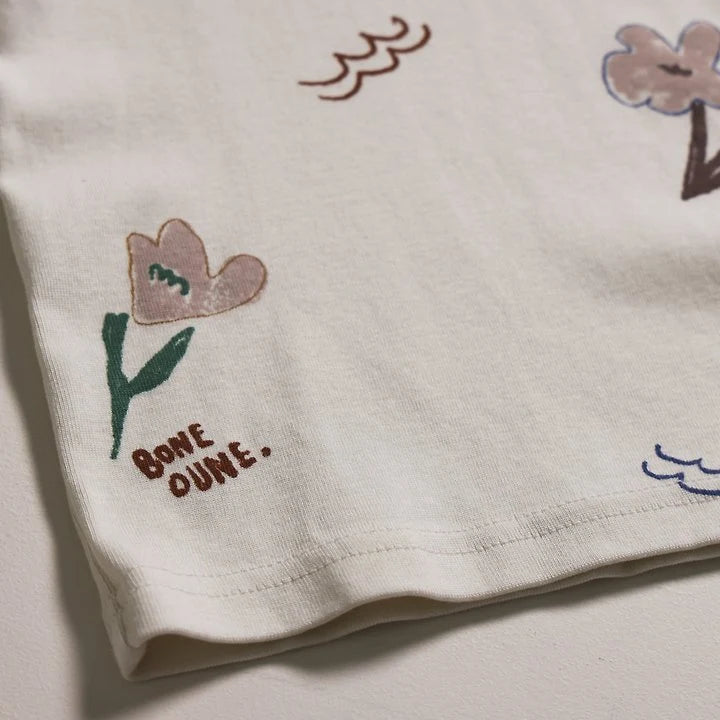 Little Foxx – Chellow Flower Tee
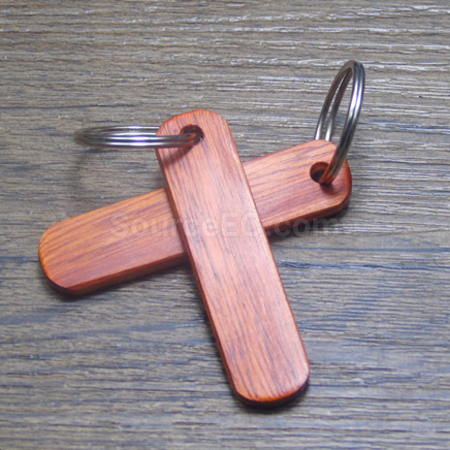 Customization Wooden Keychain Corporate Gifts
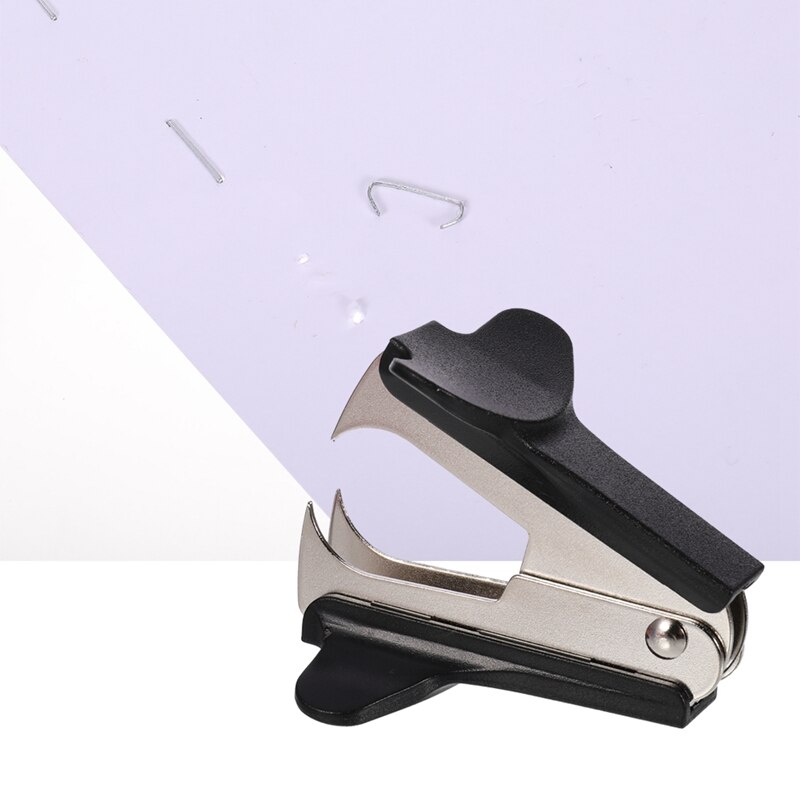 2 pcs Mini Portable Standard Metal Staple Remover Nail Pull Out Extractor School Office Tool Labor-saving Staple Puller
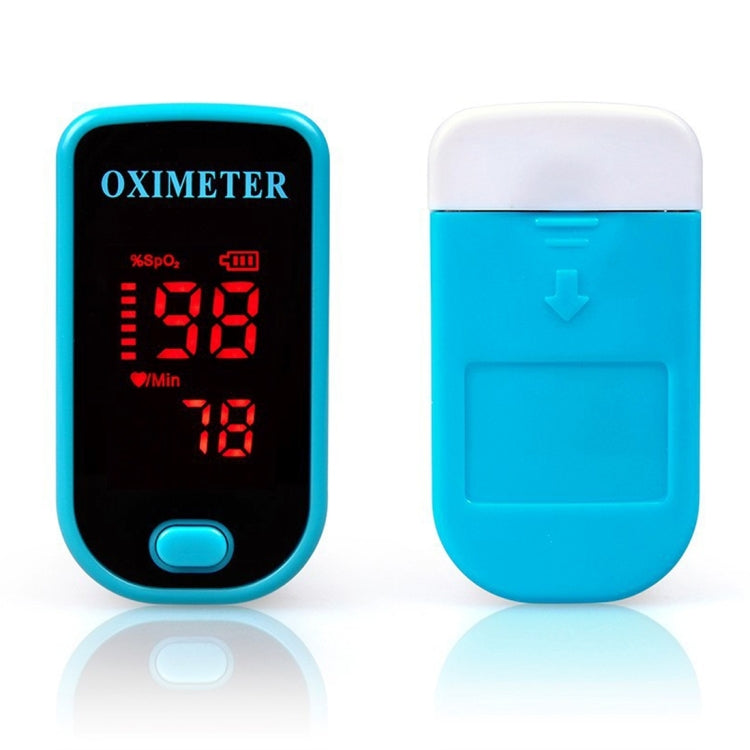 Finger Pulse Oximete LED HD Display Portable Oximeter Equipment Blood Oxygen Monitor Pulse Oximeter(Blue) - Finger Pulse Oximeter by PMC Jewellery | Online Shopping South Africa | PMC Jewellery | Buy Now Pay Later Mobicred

##########

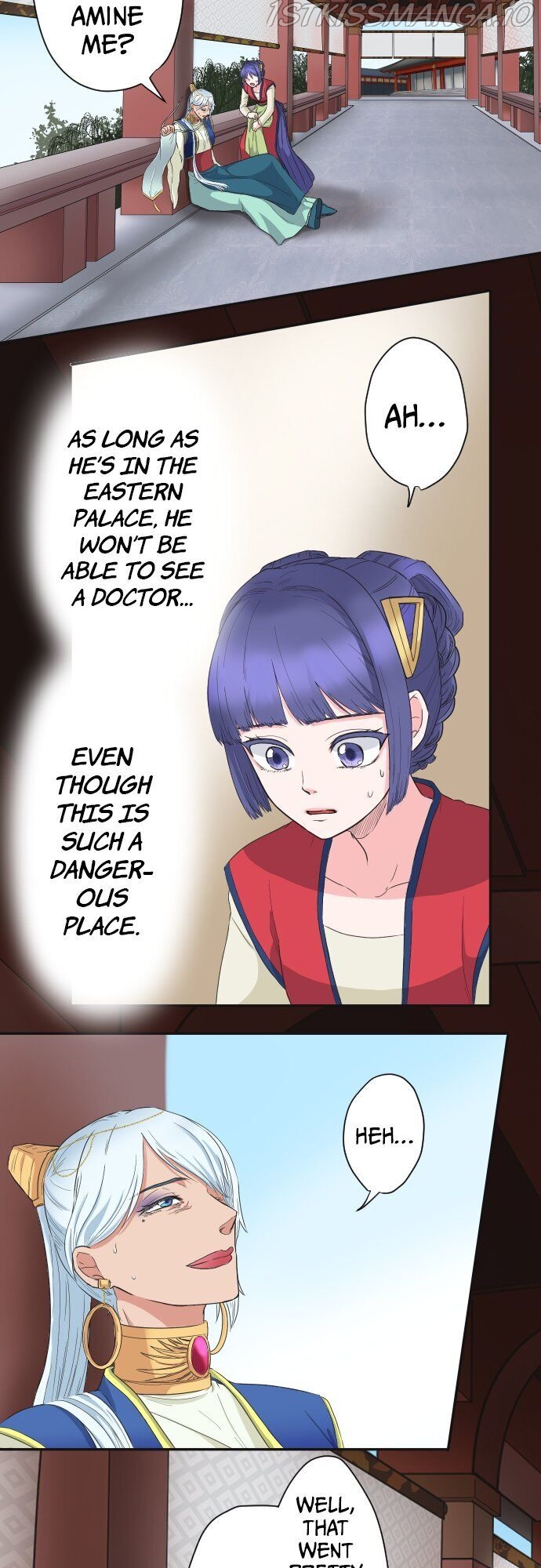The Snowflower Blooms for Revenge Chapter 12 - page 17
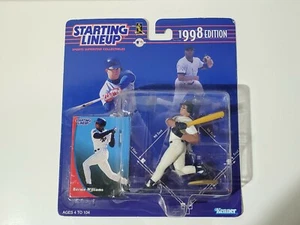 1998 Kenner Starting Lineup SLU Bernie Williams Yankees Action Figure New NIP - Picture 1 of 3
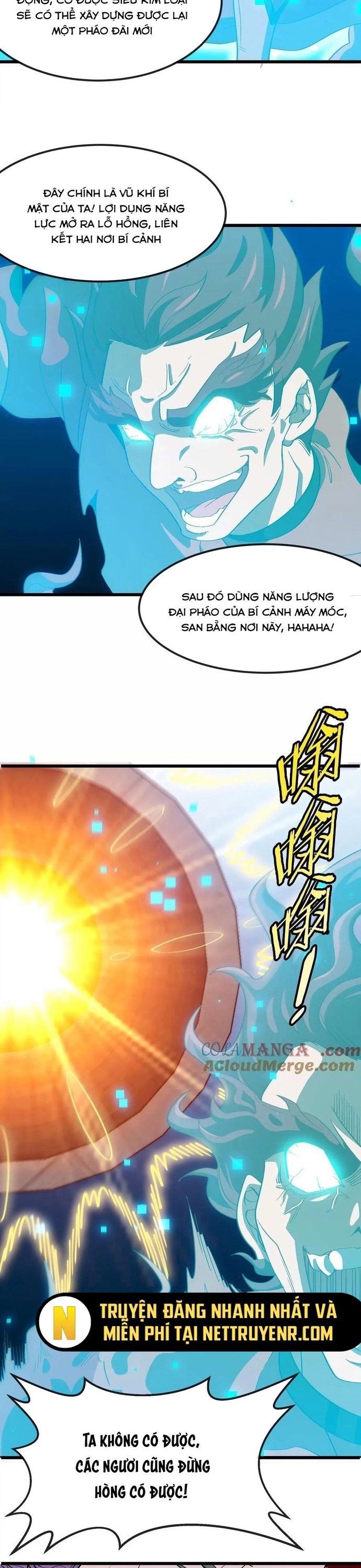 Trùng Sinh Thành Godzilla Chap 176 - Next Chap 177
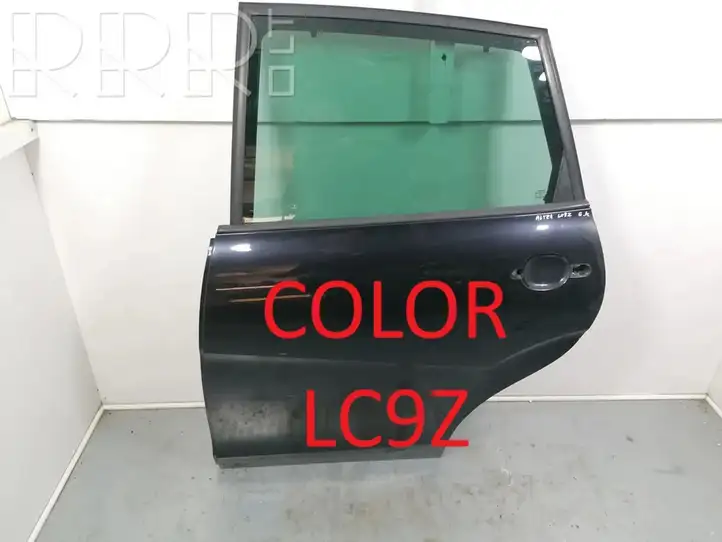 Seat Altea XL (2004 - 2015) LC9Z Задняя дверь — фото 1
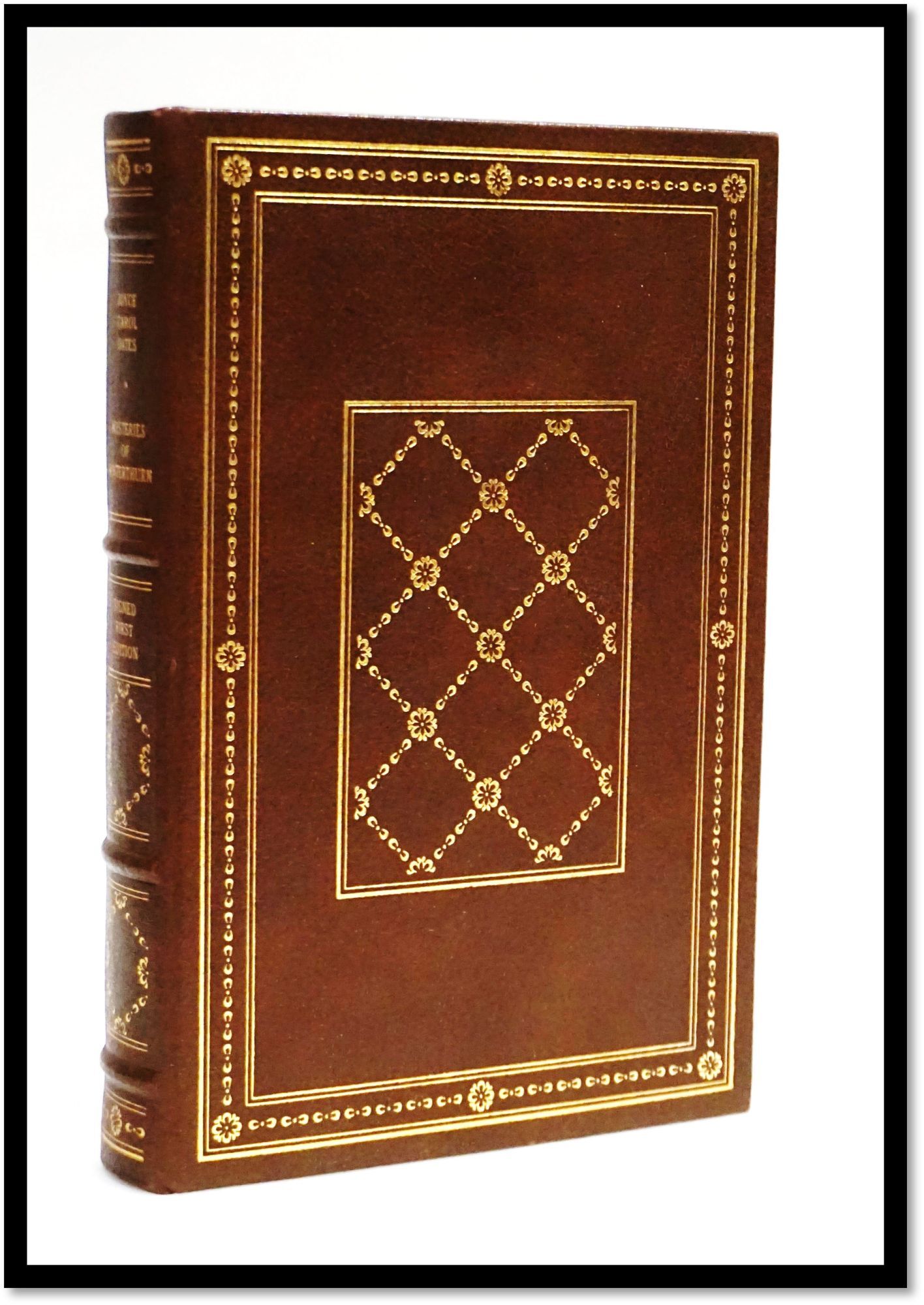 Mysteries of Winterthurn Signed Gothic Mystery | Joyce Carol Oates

##########

## What the task requires
Reproduce exactly the lines above that run from the one with "The Snowflower Blooms" to the one with "Mysteries of Winterthurn", both included, leaving pictures out.

## Finished task
The Snowflower Blooms for Revenge Chapter 12 - page 17
 1998 Kenner Starting Lineup SLU Bernie Williams Yankees Action Figure New NIP - Picture 1 of 3
 Trùng Sinh Thành Godzilla Chap 176 - Next Chap 177
 Seat Altea XL (2004 - 2015) LC9Z Задняя дверь — фото 1
 Mysteries of Winterthurn Signed Gothic Mystery | Joyce Carol Oates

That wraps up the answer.